As Forças Armadas iniciaram no último domingo, no dia da abertura da Vila Olímpica dos Jogos Rio-2016 para os atletas, a operação de patrulhamento em vias expressas, áreas turísticas e no Aeroporto Internacional Tom Jobim. O efetivo, de 22 mil homens, é maior que o da Olimpíada de Londres, em 2012, mas leva goleada se for comparado ao da edição de Pequim, em 2008.

Na China, foram mobilizados cerca de 100 mil agentes, quase cinco vezes mais que o Rio de Janeiro, para ajudar a garantir a segurança do megaevento, que transcorreu sem grandes problemas. Na Inglaterra, em meio a uma série de imprevistos, o número ficou na casa dos 18 mil, 22% a menos do que agora.

Há quatro anos, a empresa responsável pela segurança privada dos Jogos recrutou uma quantidade de funcionários inferior ao necessário. O fato levou ao aumento no número de militares nas ruas da capital inglesa.

O esquema de segurança da Rio-2016 envolverá cerca de 88 mil pessoas no total, incluindo Forças Armadas e agentes de segurança pública, que atuarão tanto na cidade olímpica como nas sedes do futebol. Os Jogos de Pequim tiveram cerca de 1,5 milhão de envolvidos no setor (70% a mais que o Rio), enquanto Londres contou com 40 mil pessoas (54% a menos que o Rio).

– Das Forças Armadas, é o maior dispositivo já empregado em um grande evento (no Brasil). O número maior até então foi em torno de 15 mil, na ECO-92. Dizer se é a melhor operação é difícil, mas acumulamos experiência em ocasiões anteriores, como Pan de 2007, Copa do Mundo, Jornada Mundial da Juventude e Jogos Mundiais Militares, entre outros. O que melhor poderíamos fazer para os Jogos está aqui – disse o ministro da Defesa, Raul Jungmann.

Por decreto do presidente Michel Temer, que atendeu a pedido do governador do estado, Francisco Dornelles, o número de militares na capital teve um aumento de quatro mil homens em relação à perspectiva anterior, de 18 mil.

Espalhados pelas regiões da Barra da Tijuca, Deodoro, Copacabana e Maracanã, eles terão os mesmos poderes que as polícias nas ruas. Para isso, utilizarão desde fuzis a métodos de baixa letalidade, como balas de borracha e bombas de efeito moral.

Segundo o ministro da Defesa, o efetivo de militares dos Jogos Rio-2016 perde apenas para o de Pequim-2008.

"Estamos prontos. Temos um patrimônio de boas práticas e bons resultados.
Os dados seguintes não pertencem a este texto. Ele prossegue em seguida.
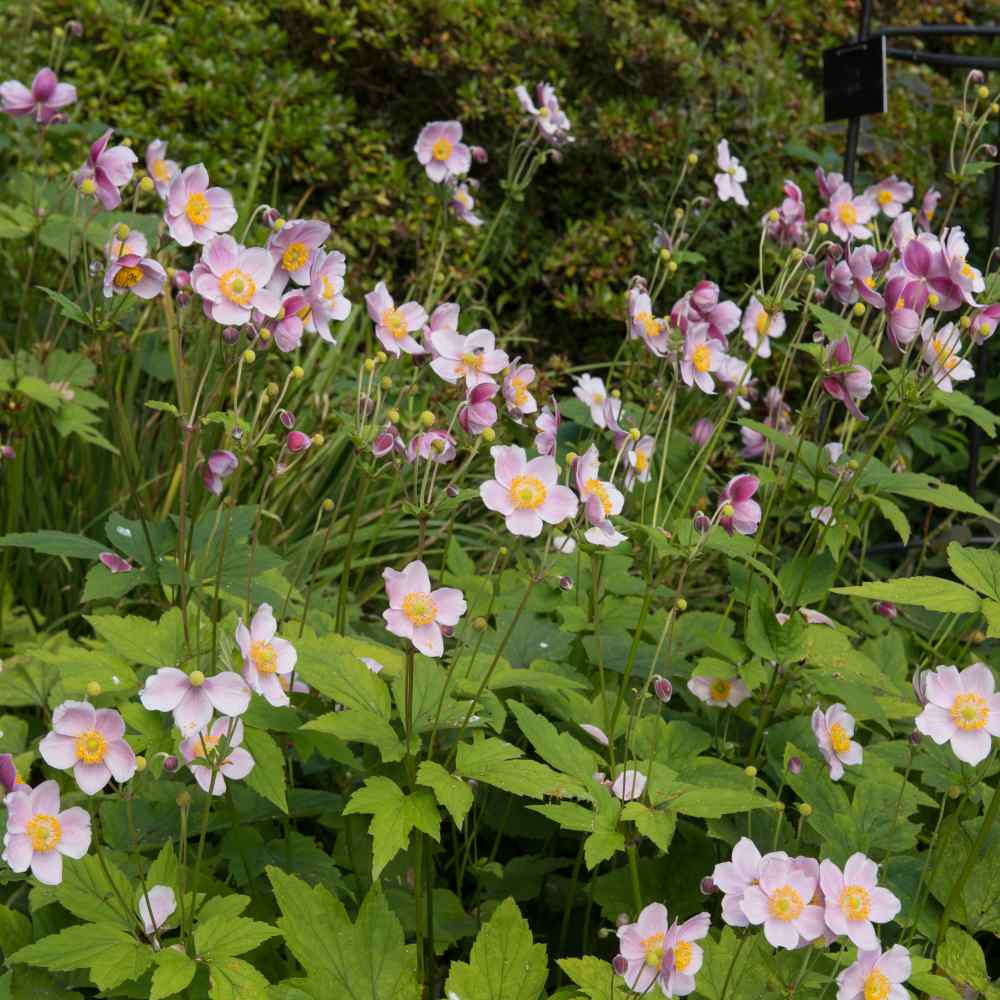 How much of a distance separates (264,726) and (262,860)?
28cm

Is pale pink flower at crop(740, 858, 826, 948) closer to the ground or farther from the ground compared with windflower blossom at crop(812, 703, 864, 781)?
farther from the ground

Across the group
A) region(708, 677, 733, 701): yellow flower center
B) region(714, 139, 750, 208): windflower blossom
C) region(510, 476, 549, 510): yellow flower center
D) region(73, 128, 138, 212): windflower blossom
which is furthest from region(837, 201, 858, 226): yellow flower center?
region(73, 128, 138, 212): windflower blossom

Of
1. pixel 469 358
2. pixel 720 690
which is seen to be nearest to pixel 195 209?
pixel 469 358

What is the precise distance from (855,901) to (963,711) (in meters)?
0.34

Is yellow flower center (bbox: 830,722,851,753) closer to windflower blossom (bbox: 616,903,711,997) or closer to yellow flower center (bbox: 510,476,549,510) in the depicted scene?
windflower blossom (bbox: 616,903,711,997)

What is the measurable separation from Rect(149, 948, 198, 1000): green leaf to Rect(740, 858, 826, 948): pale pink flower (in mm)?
636

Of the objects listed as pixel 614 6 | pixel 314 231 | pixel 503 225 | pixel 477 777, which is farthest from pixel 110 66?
pixel 477 777

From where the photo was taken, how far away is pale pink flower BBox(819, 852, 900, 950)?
1.34 meters

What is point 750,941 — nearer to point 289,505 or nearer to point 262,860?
point 262,860

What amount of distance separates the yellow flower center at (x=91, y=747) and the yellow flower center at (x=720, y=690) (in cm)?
106

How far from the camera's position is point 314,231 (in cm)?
179

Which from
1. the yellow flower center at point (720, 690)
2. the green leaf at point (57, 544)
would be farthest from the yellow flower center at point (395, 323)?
the yellow flower center at point (720, 690)

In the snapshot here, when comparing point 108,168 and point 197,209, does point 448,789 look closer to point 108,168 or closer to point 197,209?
point 197,209

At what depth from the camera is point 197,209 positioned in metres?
1.85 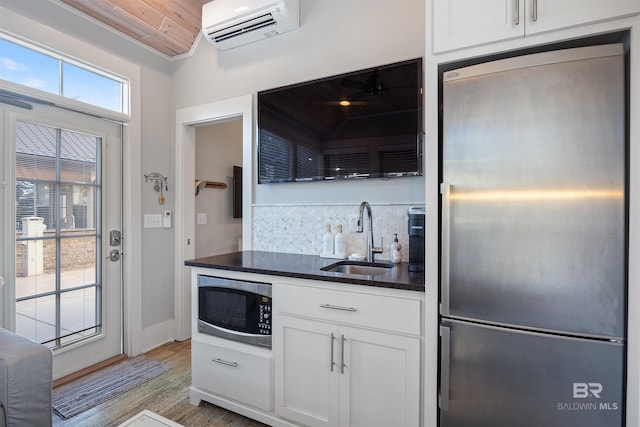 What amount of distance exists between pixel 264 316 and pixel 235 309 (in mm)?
209

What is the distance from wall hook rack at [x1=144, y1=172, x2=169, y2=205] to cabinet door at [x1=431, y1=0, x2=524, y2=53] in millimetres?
2551

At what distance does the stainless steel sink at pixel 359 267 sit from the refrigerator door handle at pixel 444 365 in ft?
1.96

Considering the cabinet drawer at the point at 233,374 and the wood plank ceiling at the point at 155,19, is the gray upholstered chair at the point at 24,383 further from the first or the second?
the wood plank ceiling at the point at 155,19

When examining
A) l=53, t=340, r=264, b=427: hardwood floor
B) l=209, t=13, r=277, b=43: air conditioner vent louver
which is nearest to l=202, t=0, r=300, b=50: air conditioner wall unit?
l=209, t=13, r=277, b=43: air conditioner vent louver

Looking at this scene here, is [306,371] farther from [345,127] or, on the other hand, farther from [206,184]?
[206,184]

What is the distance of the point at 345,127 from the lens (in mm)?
2201

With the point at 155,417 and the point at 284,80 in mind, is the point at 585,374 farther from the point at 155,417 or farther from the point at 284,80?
the point at 284,80

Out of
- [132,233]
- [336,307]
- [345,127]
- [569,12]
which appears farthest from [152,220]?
[569,12]

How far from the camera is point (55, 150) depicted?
7.54ft

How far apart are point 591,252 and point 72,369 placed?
3.30 meters

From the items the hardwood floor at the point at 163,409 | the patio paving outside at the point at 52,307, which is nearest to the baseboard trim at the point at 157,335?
the patio paving outside at the point at 52,307

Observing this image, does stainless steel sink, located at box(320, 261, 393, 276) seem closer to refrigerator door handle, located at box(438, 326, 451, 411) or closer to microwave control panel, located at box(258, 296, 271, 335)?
microwave control panel, located at box(258, 296, 271, 335)

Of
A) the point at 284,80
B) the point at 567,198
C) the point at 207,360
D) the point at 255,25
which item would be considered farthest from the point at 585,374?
the point at 255,25

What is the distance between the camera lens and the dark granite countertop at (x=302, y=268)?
4.99 feet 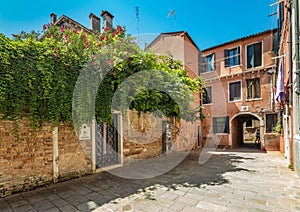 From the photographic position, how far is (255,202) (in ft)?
10.7

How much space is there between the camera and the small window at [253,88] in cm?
1167

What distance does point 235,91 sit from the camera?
1249 cm

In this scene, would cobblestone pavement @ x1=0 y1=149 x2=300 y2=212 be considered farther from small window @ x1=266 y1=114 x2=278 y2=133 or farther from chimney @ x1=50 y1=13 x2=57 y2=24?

Daqui a 64 dias, vamos comemorar, exaustos, o grande sucesso dos Jogos Rio-2016" - ministro-chefe do Gabinete de Segurança Institucional (GSI), Sérgio Etchegoyen.

O objetivo de colocar os militares nas ruas em maior número foi, de acordo com Jungmann, para liberar as forças de segurança pública para atuarem no patrulhamento de favelas. O estado enfrenta grave crise financeira, que chegou a atingir a segurança pública, com atraso no pagamento de salários e bônus.

– Estamos absolutamente prontos. Temos um patrimônio de boas práticas e bons resultados. Daqui a 64 dias, vamos comemorar, exaustos, o grande sucesso dos Jogos Rio-2016 – afirmou o ministro-chefe do Gabinete de Segurança Institucional (GSI), general Sérgio Etchegoyen.

As Forças Armadas se retirarão do Rio após 64 dias de atuação, ao fim da Paralimpíada, no dia 18 de setembro.